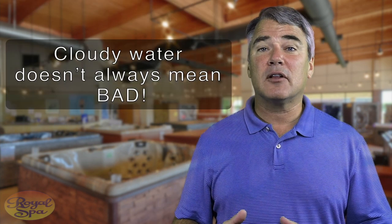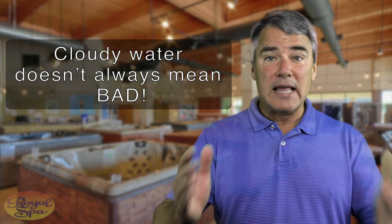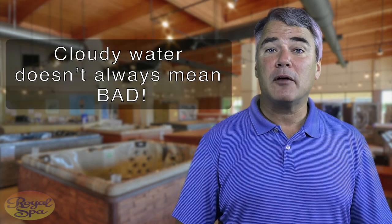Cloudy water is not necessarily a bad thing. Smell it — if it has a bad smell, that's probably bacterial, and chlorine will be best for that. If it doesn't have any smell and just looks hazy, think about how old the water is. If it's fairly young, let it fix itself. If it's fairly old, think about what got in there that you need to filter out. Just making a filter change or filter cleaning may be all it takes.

***

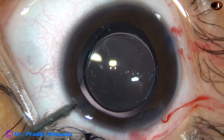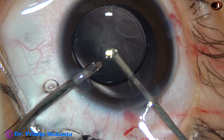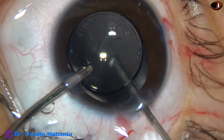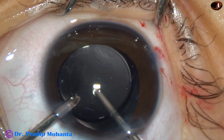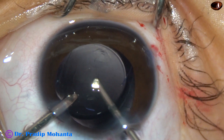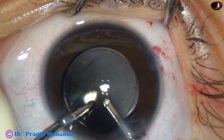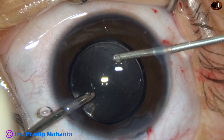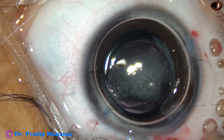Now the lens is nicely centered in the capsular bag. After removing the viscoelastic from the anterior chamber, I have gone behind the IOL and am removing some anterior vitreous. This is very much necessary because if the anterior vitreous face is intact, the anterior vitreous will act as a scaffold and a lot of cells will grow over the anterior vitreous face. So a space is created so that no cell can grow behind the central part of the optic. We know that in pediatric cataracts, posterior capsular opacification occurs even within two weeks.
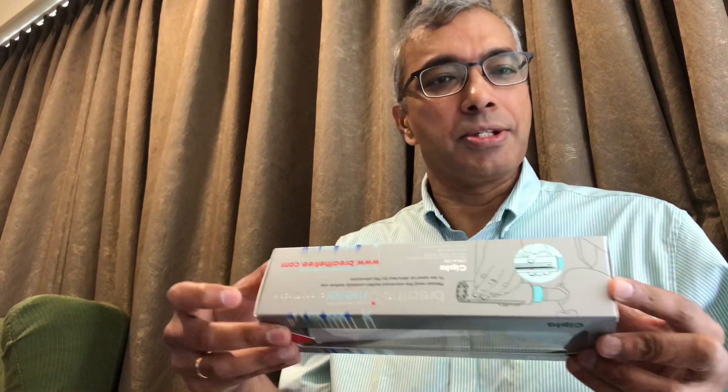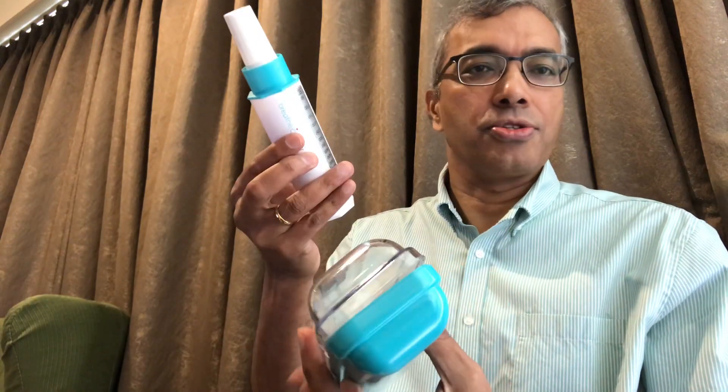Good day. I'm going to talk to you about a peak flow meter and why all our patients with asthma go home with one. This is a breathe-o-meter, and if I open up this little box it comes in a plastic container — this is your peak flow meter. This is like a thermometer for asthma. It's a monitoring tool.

***

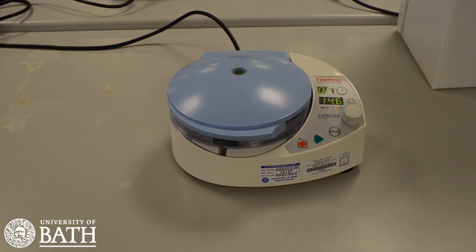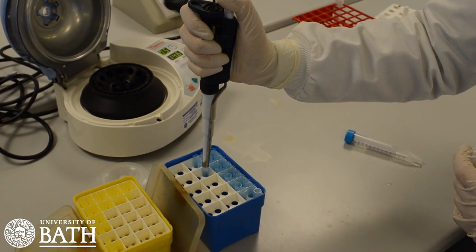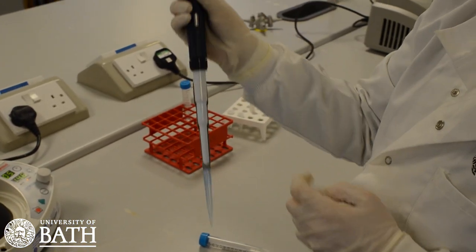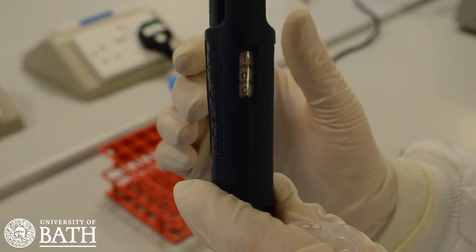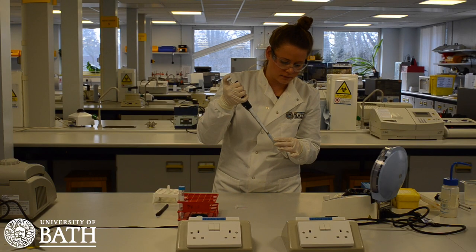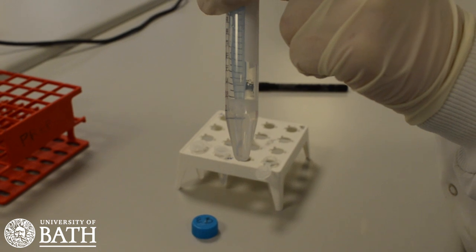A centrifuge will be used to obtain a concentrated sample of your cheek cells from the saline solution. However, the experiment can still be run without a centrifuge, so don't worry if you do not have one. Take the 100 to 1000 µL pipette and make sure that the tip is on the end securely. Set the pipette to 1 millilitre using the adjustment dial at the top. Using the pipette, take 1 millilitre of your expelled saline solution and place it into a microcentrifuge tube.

***

About this exercise:
Among the lines above, the one with "Now the lens" opens the part to repeat and the one with "Good day. I'm" closes it; repeat only that part exactly, with no pictures.

The completed task:
Now the lens is nicely centered in the capsular bag. After removing the viscoelastic from the anterior chamber, I have gone behind the IOL and am removing some anterior vitreous. This is very much necessary because if the anterior vitreous face is intact, the anterior vitreous will act as a scaffold and a lot of cells will grow over the anterior vitreous face. So a space is created so that no cell can grow behind the central part of the optic. We know that in pediatric cataracts, posterior capsular opacification occurs even within two weeks.
Good day. I'm going to talk to you about a peak flow meter and why all our patients with asthma go home with one. This is a breathe-o-meter, and if I open up this little box it comes in a plastic container — this is your peak flow meter. This is like a thermometer for asthma. It's a monitoring tool.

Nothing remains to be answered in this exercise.